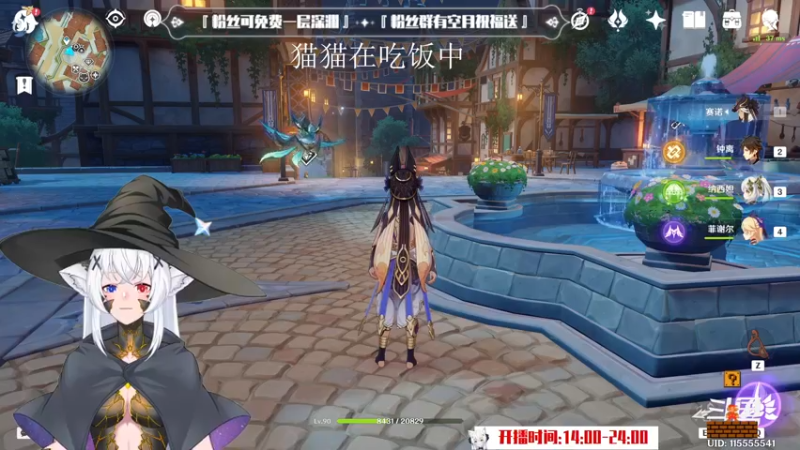 【2022-12-29 18点场】卡佬GTX1080tiPrime：『补星卡猫』你的护肝小助手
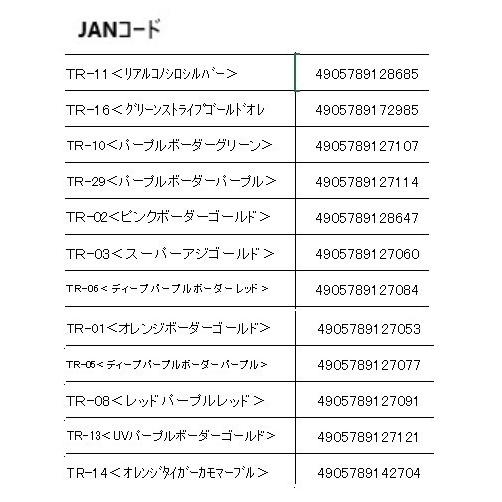 エコギア　 エギリー　ダートマックス　TR　40g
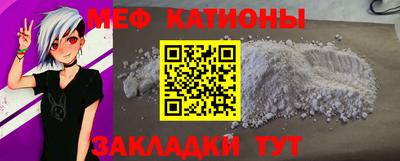 гашиш Малоярославец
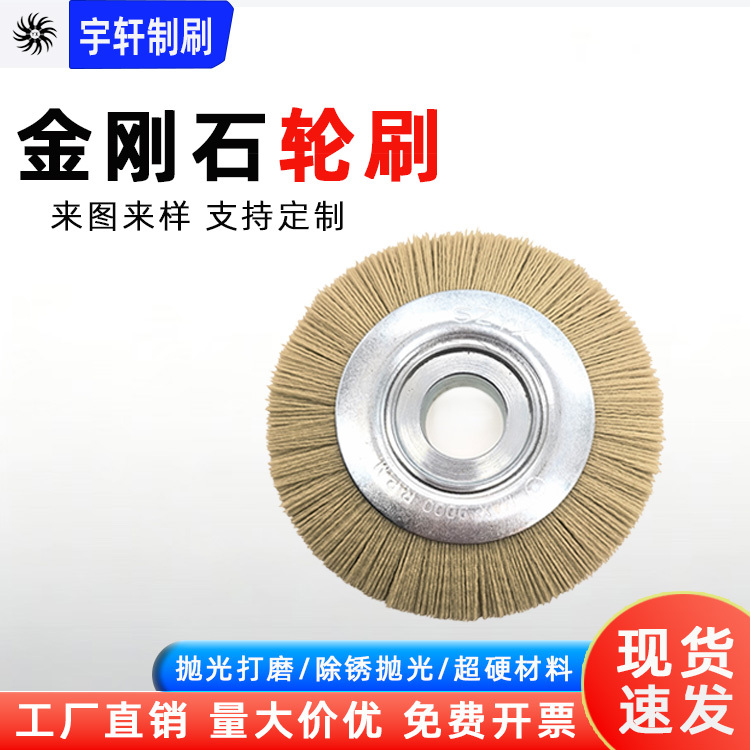 Diamond Wire Brush Wheel, Alloy Passivation Brush, Tool Passivation Brush, Polishing Brush, Diamond Wire Brush, Drill Bit Passivation Brush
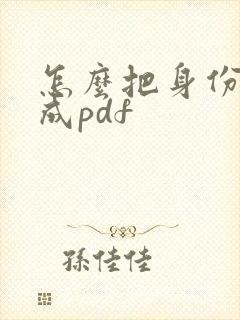 怎么把身份证转成pdf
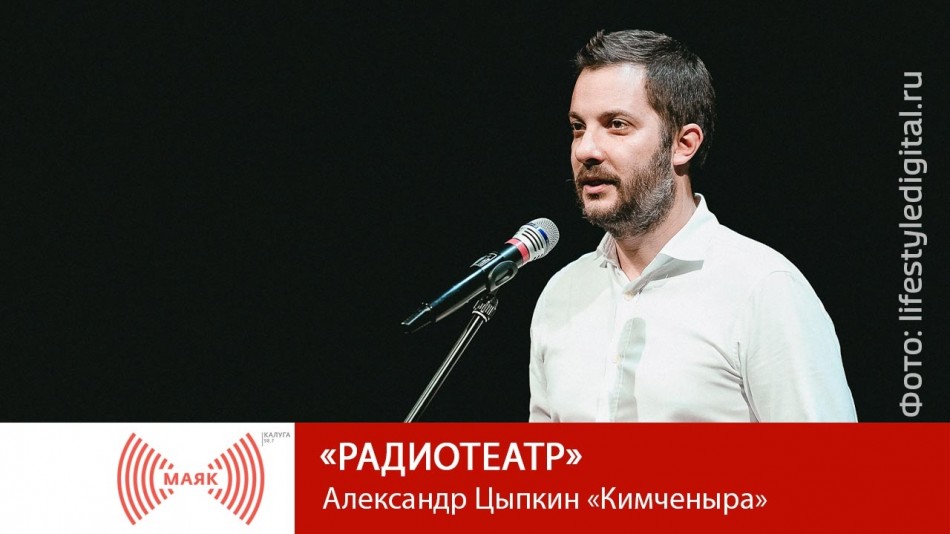 !-МАЯК-2019.jpg
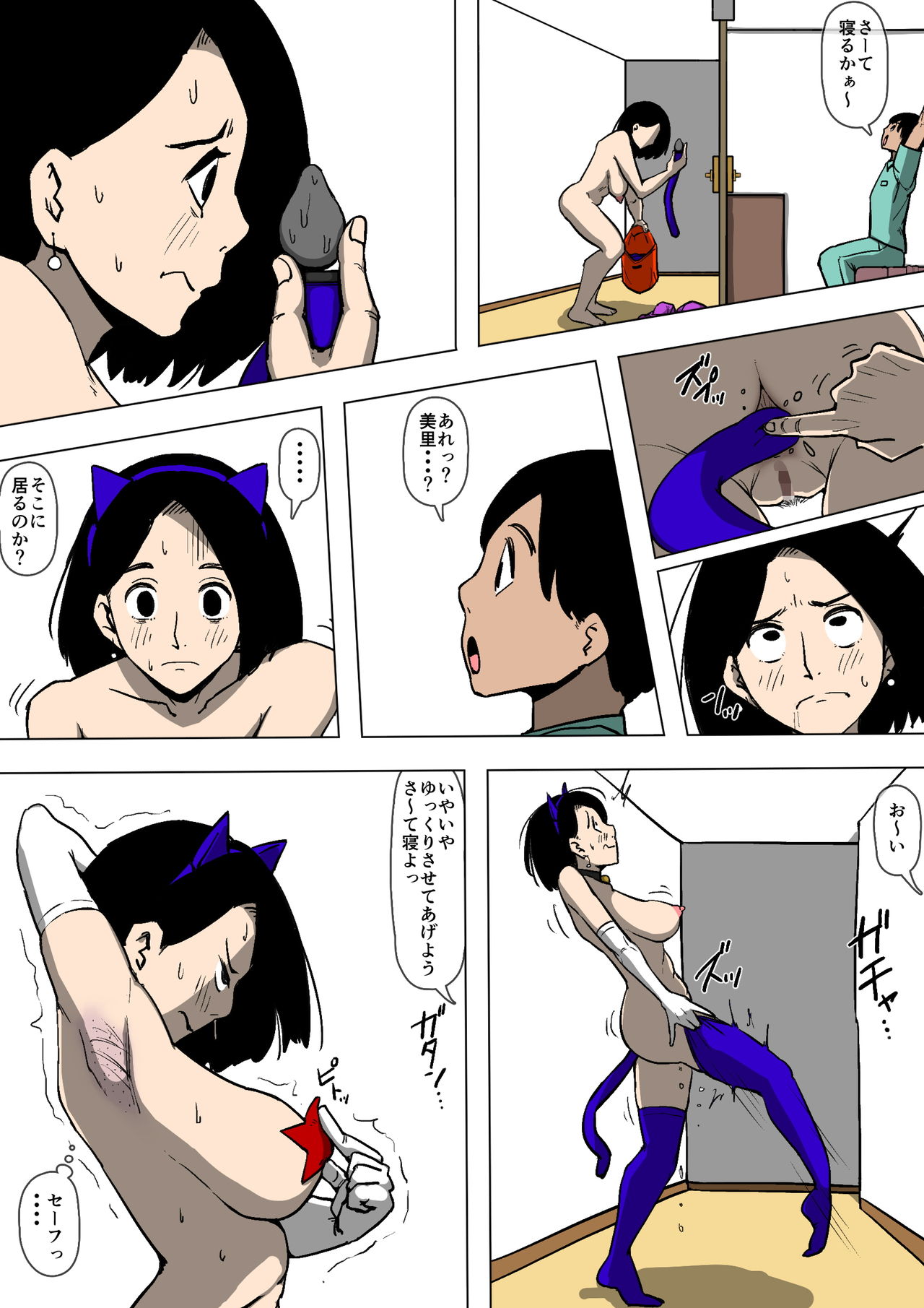 [同人昔話] 妻と義兄が勝手にSEXしていた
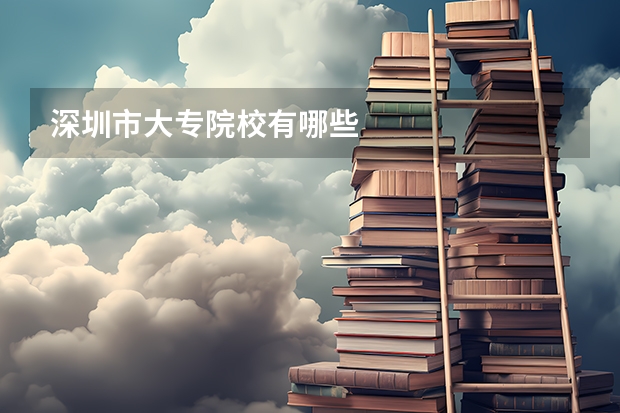 深圳市大专院校有哪些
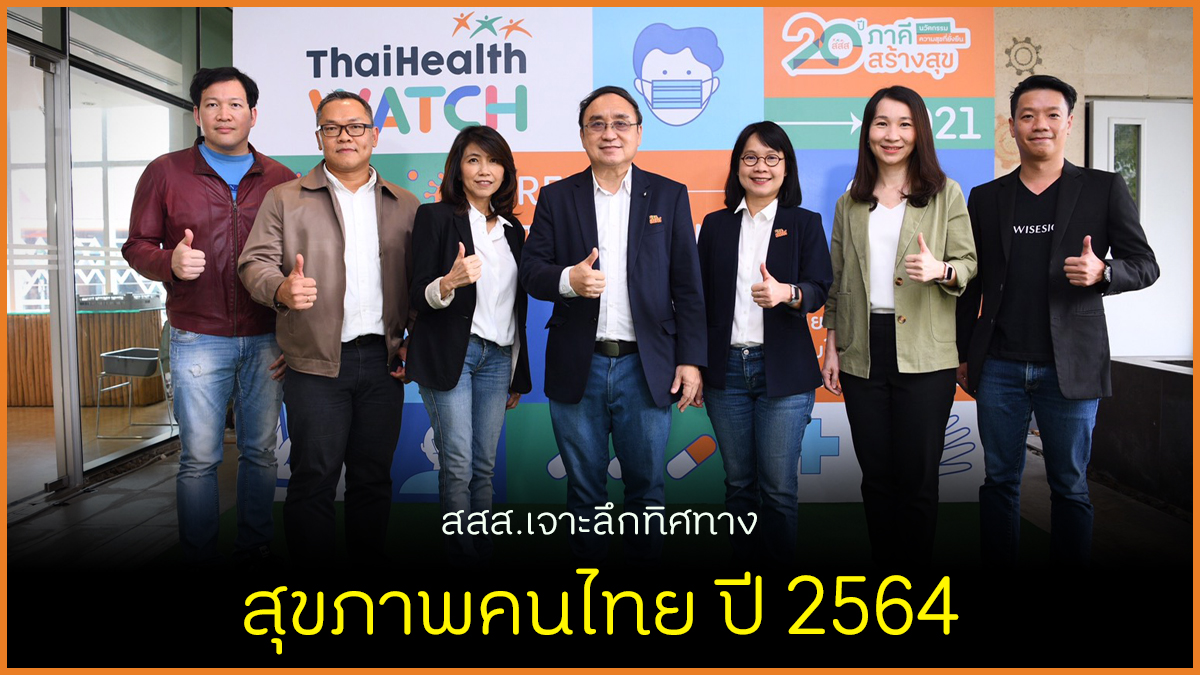สสส.เจาะลึกทิศทางสุขภาพคนไทย ปี 2564 thaihealth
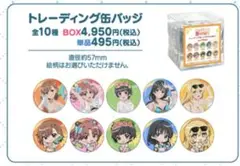 ボークス缶バッジ2個セット　とある科学の超電磁砲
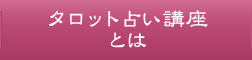 タロット占い講座とは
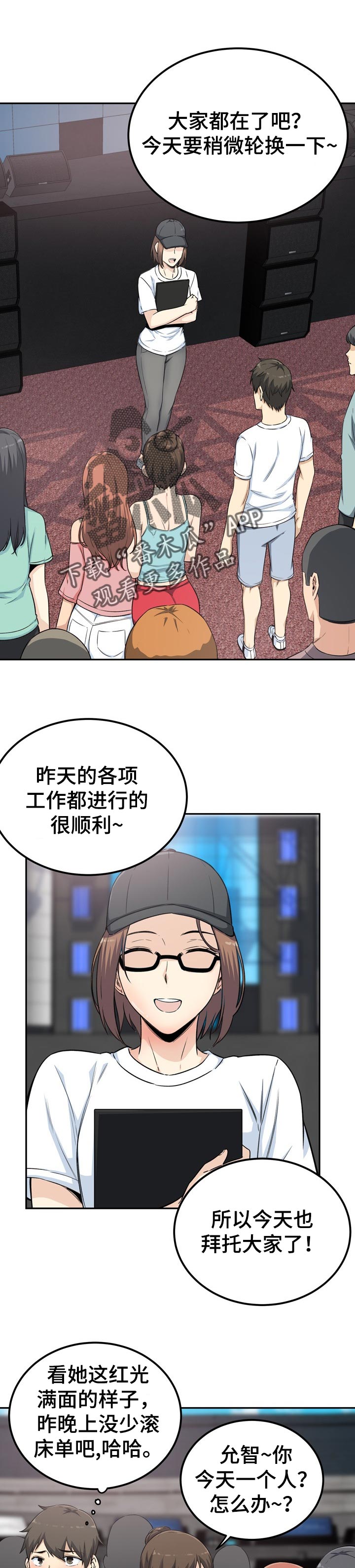 大学教授历史漫画漫画,第119章真诚1图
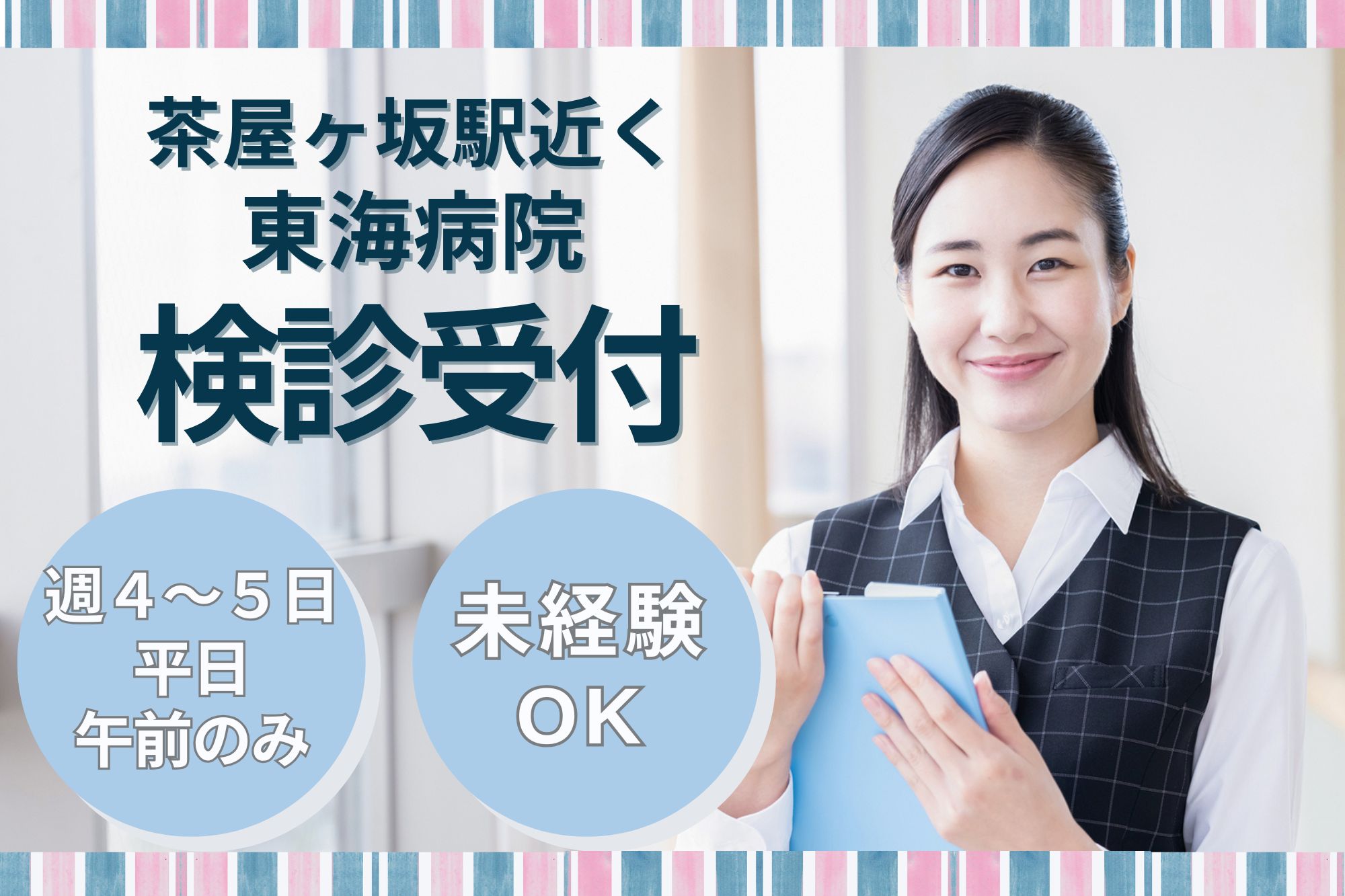 【名古屋市千種区・茶屋ヶ坂駅徒歩5分】時給1,140円/週4～５日・平日午前のみ/健診センターでの受付/未経験OK！ イメージ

• PROBLEM TO SOLVE
Give back the records exactly, minus any pictures.

• EXPECTED ANSWER
 【2022-12-29 18点场】卡佬GTX1080tiPrime：『补星卡猫』你的护肝小助手
 エコギア　 エギリー　ダートマックス　TR　40g
 гашиш Малоярославец
 Diamond Wire Brush Wheel, Alloy Passivation Brush, Tool Passivation Brush, Polishing Brush, Diamond Wire Brush, Drill Bit Passivation Brush
 怎么把身份证转成pdf
 !-МАЯК-2019.jpg
 [同人昔話] 妻と義兄が勝手にSEXしていた
 深圳市大专院校有哪些
สสส.เจาะลึกทิศทางสุขภาพคนไทย ปี 2564 thaihealth
 ボークス缶バッジ2個セット　とある科学の超電磁砲
 タロット占い講座とは
 大学教授历史漫画漫画,第119章真诚1图
 【名古屋市千種区・茶屋ヶ坂駅徒歩5分】時給1,140円/週4～５日・平日午前のみ/健診センターでの受付/未経験OK！ イメージ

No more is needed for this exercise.